Opinión

Exámenes patrióticos

La agitación nacionalista en Cataluña ha impregnado a las universidades, una de las principales fuentes del capital humano volcado sobre la independencia. Ya se sabe, los estudiantes siempre en la vanguardia, aunque sólo sea porque la juventud es proclive a la transgresión, aun cuando sus argumentos –al menos los que yo he podido oír en los medios audiovisuales– son más bien endebles, impropios incluso de quienes se preparan para integrarse en la elite intelectual del país. El asunto tiene muchas derivaciones, pero la que más me llama la atención es que sus protagonistas no parecen muy dispuestos a sacrificar por la patria sus oportunidades de aprobar las asignaturas en las que se han matriculado. En mi generación, sin embargo, que es la última que se enfrentó en las aulas al franquismo, extendimos, al menos en una ocasión, la alteración del orden al ámbito de los exámenes, lo que nos llevó hasta septiembre para poder pasar el curso. No es que quiera presumir, pero me parece que entonces teníamos más cojones que estos señoritos embebidos ahora de rebeldía secesionista.

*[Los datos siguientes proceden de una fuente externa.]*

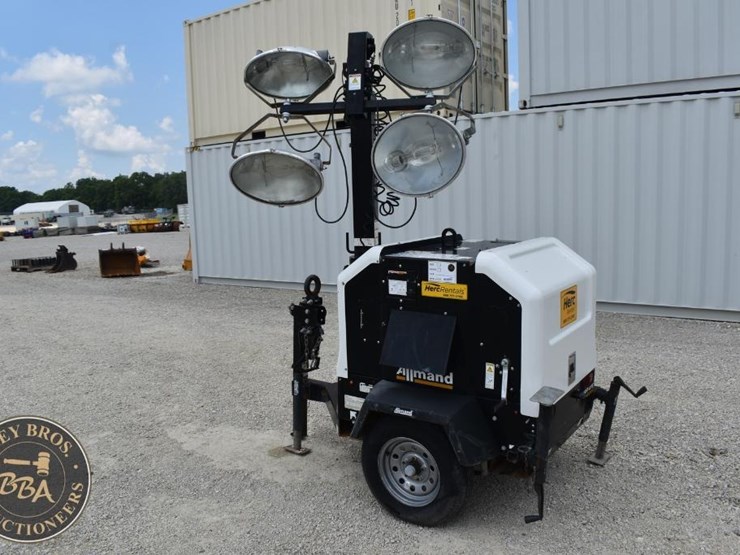 2019-allmand-bros-night-lite-v-series-image-3
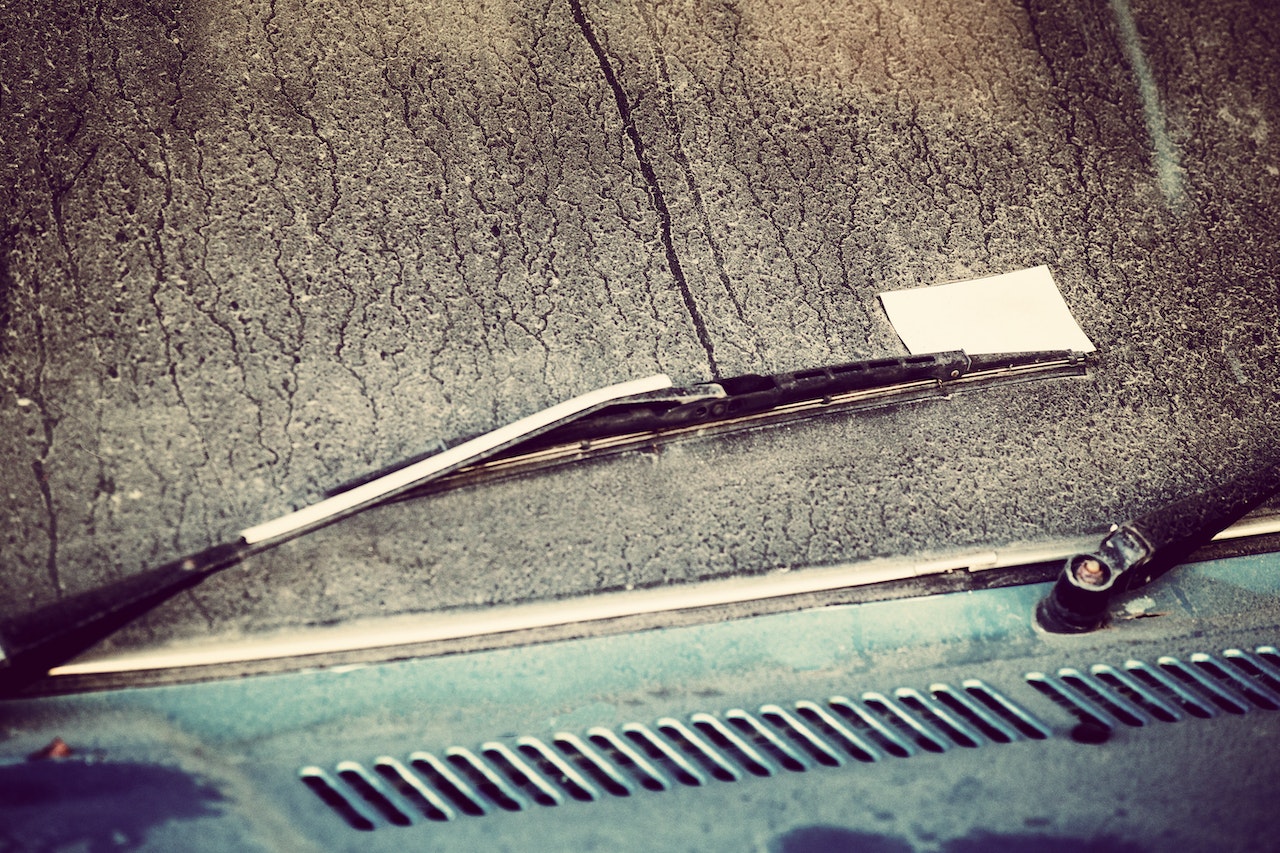 5 Signs That It's Time To Change Your Car Wiper Blades (Must Read!)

En esta semana, el sindicato catalán de estudiantes ha impulsado una huelga con el doble objetivo de lograr la amnistía para los sediciosos condenados por el Tribunal Supremo, y de imponer lo que denominan «evaluación única» para no perder el curso. Con esto último pretenden que no se les apliquen las normas establecidas en los planes de estudio para valorar su rendimiento –que incluyen pruebas continuadas a lo largo del curso y exigen la asistencia a clase–. Creo que, salvando las distancias, el precedente más notorio de esta reivindicación está en los «exámenes patrióticos» que, en el «Año de la Victoria» (1939), se aplicaron a los «alféreces provisionales» para premiarles con un título universitario su desvelo armado por la patria.

El caso es que una buena parte de las universidades catalanas han aceptado ya la reivindicación estudiantil. Sus rectores se han achantado ante la presión secesionista, e incluso han dicho que, con ello, «se garantiza el derecho al estudio … y también a la libertad de expresión». Ni que decir tiene que los respectivos Consejos de Gobierno lo han aprobado a pesar de que ni ellos ni los rectores tienen competencias para modificar el sistema de evaluación, ni siquiera provisionalmente. Un cambio así tendría que ser aprobado, para cada titulación, por el Consejo de Universidades, previo informe de la agencia regional de evaluación correspondiente; y una vez acordado, tendría que ser el Consejo de Ministros quien lo reconociera y ordenara su inscripción en el Registro de Universidades, Centros y Títulos. Tome nota el ministro de Ciencia para actuar en consecuencia.